Wednesday 10 October 2012

The Lone Rose

(Originally on 9 October, 2012.)

Autumn has reached Kabul. Nights are getting cold and deciduous trees are turning yellow and brown. The massive passage of Lesser Whitethroats seems to have come to the end as October began. Among them there passed also individual clear-sounded Phylloscopus warblers, presumably mainly Hume's Leaf-warblers. What remains now are probably the typical Kabul winter birds: Tree Sparrows, Palm Doves, Common Magpies, and - amazingly enough - parakeets.

While the morning sun is increasingly chilly, it feels somewhat unreal to hear Rose-ringed Parakeets scream in the crowns of robinia trees, where they gradually lose their camouflage, as the trees turn yellow but the parakeets shine emerald green. I've always known that the Rose-ringed Parakeet is a tough creature that endures coldness. After all, it inhabits the Himalayas up to significant altitudes, and it survives winters in Brussels, London, Innsbruck and Wiesbaden. It's no coincidence that it is exactly this species of parrot that has made several European cities its home once it went feral in them. Another parrot that endures winter is the originally South American Monk Parakeet, which is nowadays common at least in Chicago and Madrid. The Monk Parakeet, however, survives by gathering in large covered colonial nests, which they warm up with their crowds. Rose-ringed Parakeet, on the other hand, nests in tree holes in pairs.

In Afghanistan, Rose-ringed Parakeet is probably native, not feral. After all, the species is common all over India and Pakistan, and therefore Afghanistan constitutes the edge of its natural range. It will be interesting to observe whether they really stay here for all the winter, or if, at the advent of freezing temperatures and snow, they move somewhere south, like the Brahminy Starlings did as early as at the end of August. I've been told they had -20 Celsius here last winter, and the water pipes got frozen. Kabul is enough high on an upland plateau that winters here are the real thing. In Bamiyan, they already got snow in the mountains.

In spite of the colder evenings I saw again my tiny house gecko running about my kitchen on Sunday. I expect it to remove for hibernation at some point, because in winter the house needs to be warmed up by using stoves and fireplace. Houses here are not very well-built or in good shape. The bathroom has an open ventilation hole to the yard, so showers will be interesting when the temperature decreases below zero. Last week I prepared for the fall by purchasing blankets and hoarding high-energy and preservable grocery in the cupboards.
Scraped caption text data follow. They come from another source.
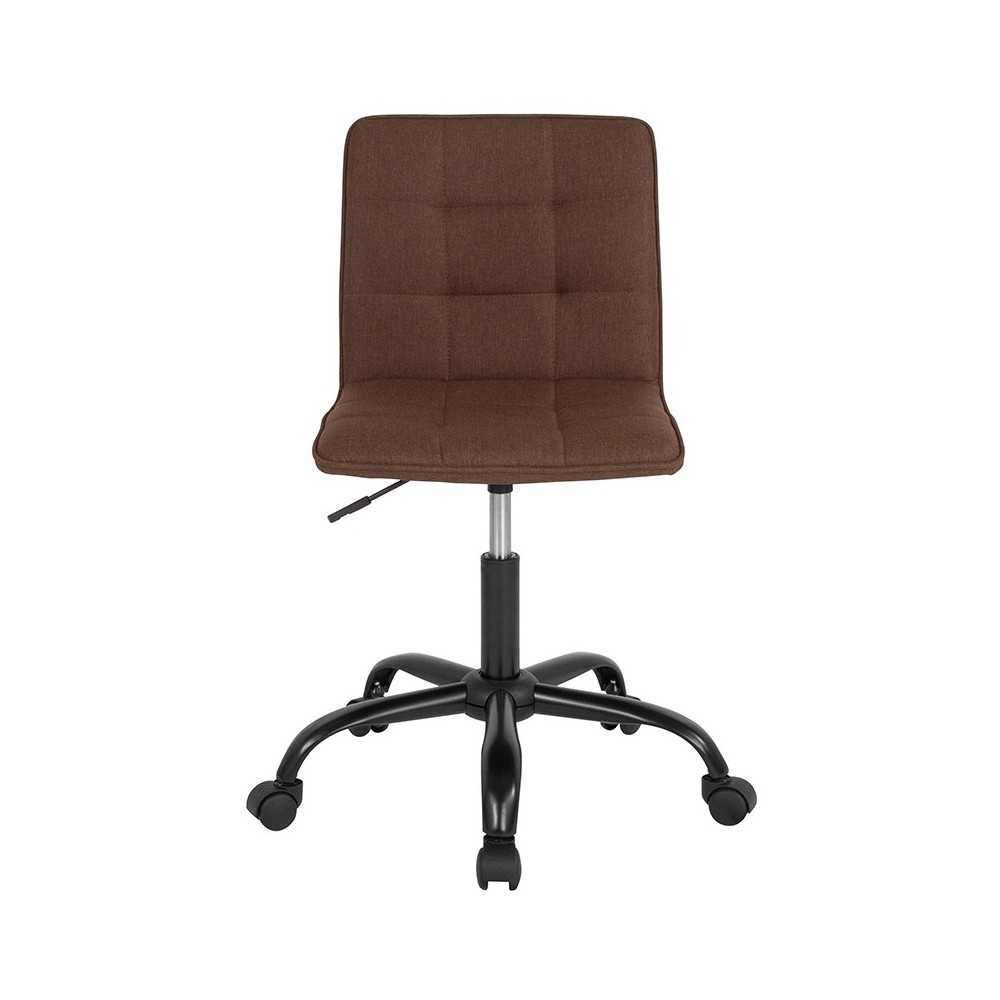 Sorrento Home and Office Task Chair in Brown Fabric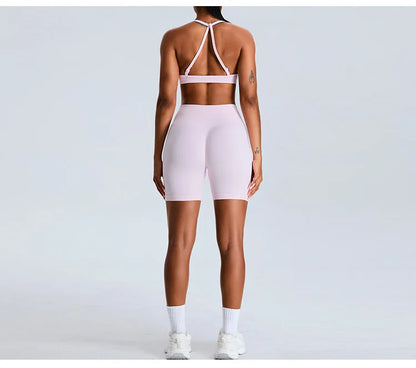 Women Sports Underwear Scrunch Push-up High Support Adjustable Thin Shoulder Strap Tank Fitness Top Seamless Workout Yoga Bras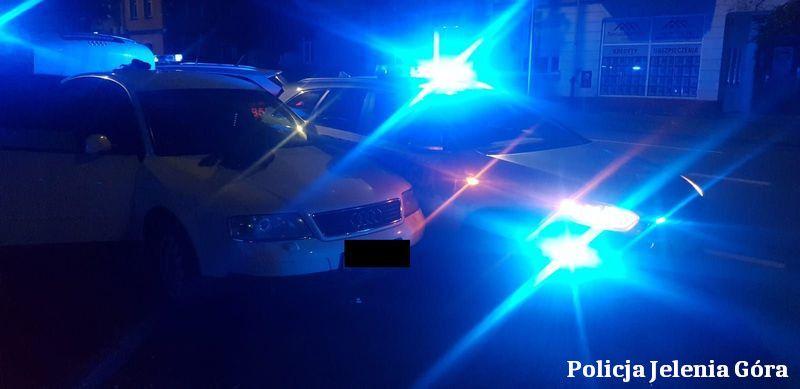 Uciekając wjechał w radiowóz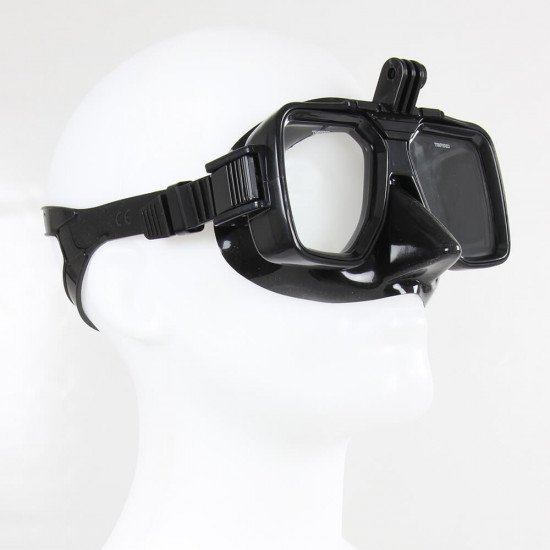 All black subtle designed scuba masks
Yesterday I also procured equipment outside of the city, and I saw a large flock of Black Kites and Long-legged Buzzards at a site that probably contained a garbage dump or a carcass. Strangely enough there seem to be no ravens or crows in Kabul area, although in Bamiyan they were ubiquitous. In Kabul one sees mainly magpies, and even they aren't very common. My guess is the big and visible bird have been shot and eaten during the war years. The two kinds of hawks I mentioned are migratory so they have got back from more distant areas. Also trees were cut down during the war years for firewood, and now they've planted everywhere the fast-growing American invasive species, robinia. In many areas of the world it has become a pest like the eucalyptus. In Europe, robinia threatens to push the oak out.

The chawkidars of my house are overly watering the small garden there is - so much that it often resembles a swamp rather than a lawn. The constant waste of water for the washing of cars, concrete and street pavement (to bind dust) bothers me in a country suffering of chronic shortage of water. The favourite activity of the chawkidars has one benefit, though: the miniature gulistan, rose garden, of my home yard is still flourishing. Meanwhile, the lone rose growing at the yard of the office outside my window bars seems to languish.

It has become my goal to spur up my Persian studies by regularly writing a poem in Persian for that lonely rose that I watch through the bars every day. I've started from extreme simplicity and I hope by the passing of months and years, thought and expression grow in intensity.